2026-03-24 Test Coverage Gap Closure¶
- Status:
implemented - Date:
2026-03-24 - Baseline repo commit before this note's documented state:
a30f01a93d0f9e2136033f2498618dab236a01a6 - Baseline commit summary:
test: update async reader tests to use timedelta for delays - This coverage note was recorded in commit:
c1fc90f714c7cd13d0daf9a077f1394a5adaf69cdocs: reflect timedelta and renamed parameters in documentation
Summary¶
This note records a focused test-coverage closure pass that added 73 tests across 12 files, targeting states and error paths that had previously been uncovered.
The emphasis was not broad percentage improvement. It was concentrated coverage in areas where missing tests could hide correctness, lifecycle, or error-propagation bugs.
What Was Added¶
73 new tests across 12 files, organized by severity.
Critical — Data Corruption / Contract Violations¶
test_publish_error_paths.py (7 tests)¶
shardyfusion/_writer_core.py:publish_to_store()
The two-phase publish (manifest PUT → _CURRENT pointer PUT) had its entire error-handling path marked # pragma: no cover. These tests cover:
PublishCurrentErrorraised bystore.publish()with amanifest_ref— triggers the retry loop that callsstore.set_current()directly- Retry succeeds on the 2nd attempt (first
set_currentfails, second succeeds) - All 3
set_currentretries exhausted — raisesPublishManifestError PublishCurrentErrorwithmanifest_ref=None— re-raised immediately (no recovery possible)- Generic exception during
store.publish()— wrapped inPublishManifestError - Happy-path:
MANIFEST_PUBLISHEDmetric emitted on success
test_cel_routing_reader.py (6 tests)¶
shardyfusion/reader/reader.py and concurrent_reader.py
All three reader types accept routing_context for CEL sharding, but no reader test had ever used CEL. These tests cover:
ShardedReader.get()androute_key()with a CEL key-only manifest (key % 4)ConcurrentShardedReader.route_key()with CELShardedReader.get()/multi_get()/route_key()with multi-column CEL + boundaries (region→ bisect_right shard selection)- Calling
route_key()withoutrouting_contexton a multi-column CEL manifest — raisesValueErrorbecause the router cannot function without the extra columns
test_adapter_lifecycle.py (5 tests)¶
shardyfusion/_shard_writer.py:write_shard_core()

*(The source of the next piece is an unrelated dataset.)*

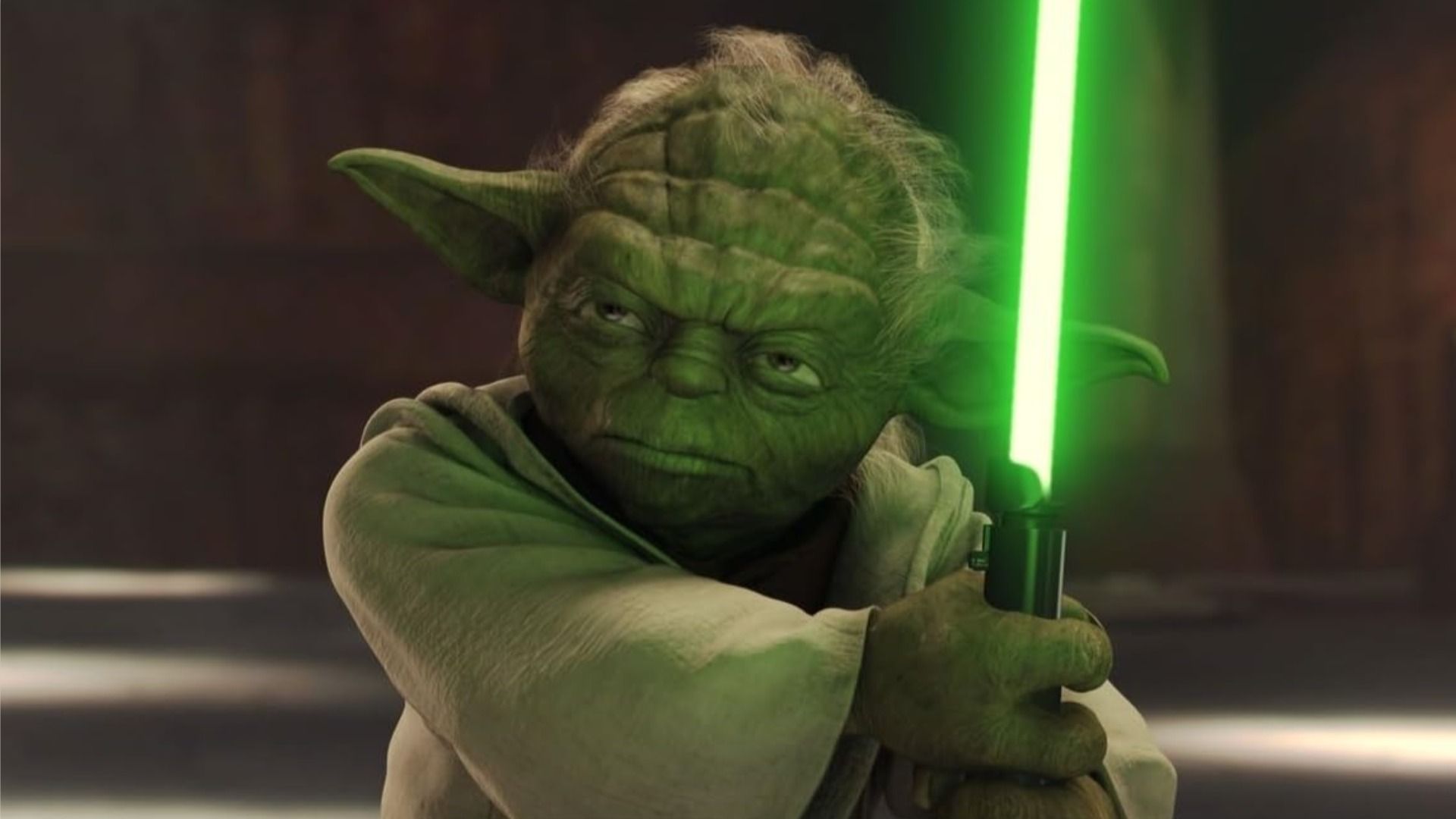 Maestrul Yoda ține un lightsaber și privește sever într-o parte pe un fundal maro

No test had simulated an adapter that fails mid-write. These tests cover:
adapter.flush()raisesOSError—write_shard_corewraps it inShardWriteErroradapter.checkpoint()returnsNone— shard result is written butcheckpoint_idisNoneadapter.__exit__()raises — error propagates out- Factory
__call__raisesConnectionError— propagates, possibly wrapped - Zero rows written —
row_count == 0, no crash
High — Reliability / Correctness¶
test_router_transitions.py (4 tests)¶
shardyfusion/routing.py, shardyfusion/reader/reader.py
When a reader refreshes, num_dbs or the shard layout can change. Tests cover:
num_dbsincreases (2→4) on refresh —snapshot_info().num_dbsreflects the new countnum_dbsdecreases (4→2) on refresh —route_key()uses the new modulus- Manifest with missing
db_ids, such as only shards 0 and 2 out of 3 —SnapshotRouterpads the gap with a synthetic null shard;shard_details()showsrow_count=0for shard 1 - Refresh from sparse to full manifest — previously-null shard now has real data
test_multi_get_failures.py (5 tests)¶
shardyfusion/reader/reader.py and concurrent_reader.py:multi_get()

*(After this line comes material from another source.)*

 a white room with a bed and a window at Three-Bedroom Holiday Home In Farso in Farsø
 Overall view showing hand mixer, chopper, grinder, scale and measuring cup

When multi_get fans out to multiple shards and one fails, the error contract was unspecified. Tests cover:
ShardedReader: one shard fails — exception raised, not silent partial resultConcurrentShardedReader: one shard fails — exception raised- All shards fail —
SlateDbApiErrorraised - All keys on the same failing shard — original exception preserved
ConcurrentShardedReaderwithmax_workers=2(executor path) —SlateDbApiErrorpropagated from the failed future
test_async_deferred_cleanup.py (4 tests)¶
shardyfusion/reader/async_reader.py:_release_state()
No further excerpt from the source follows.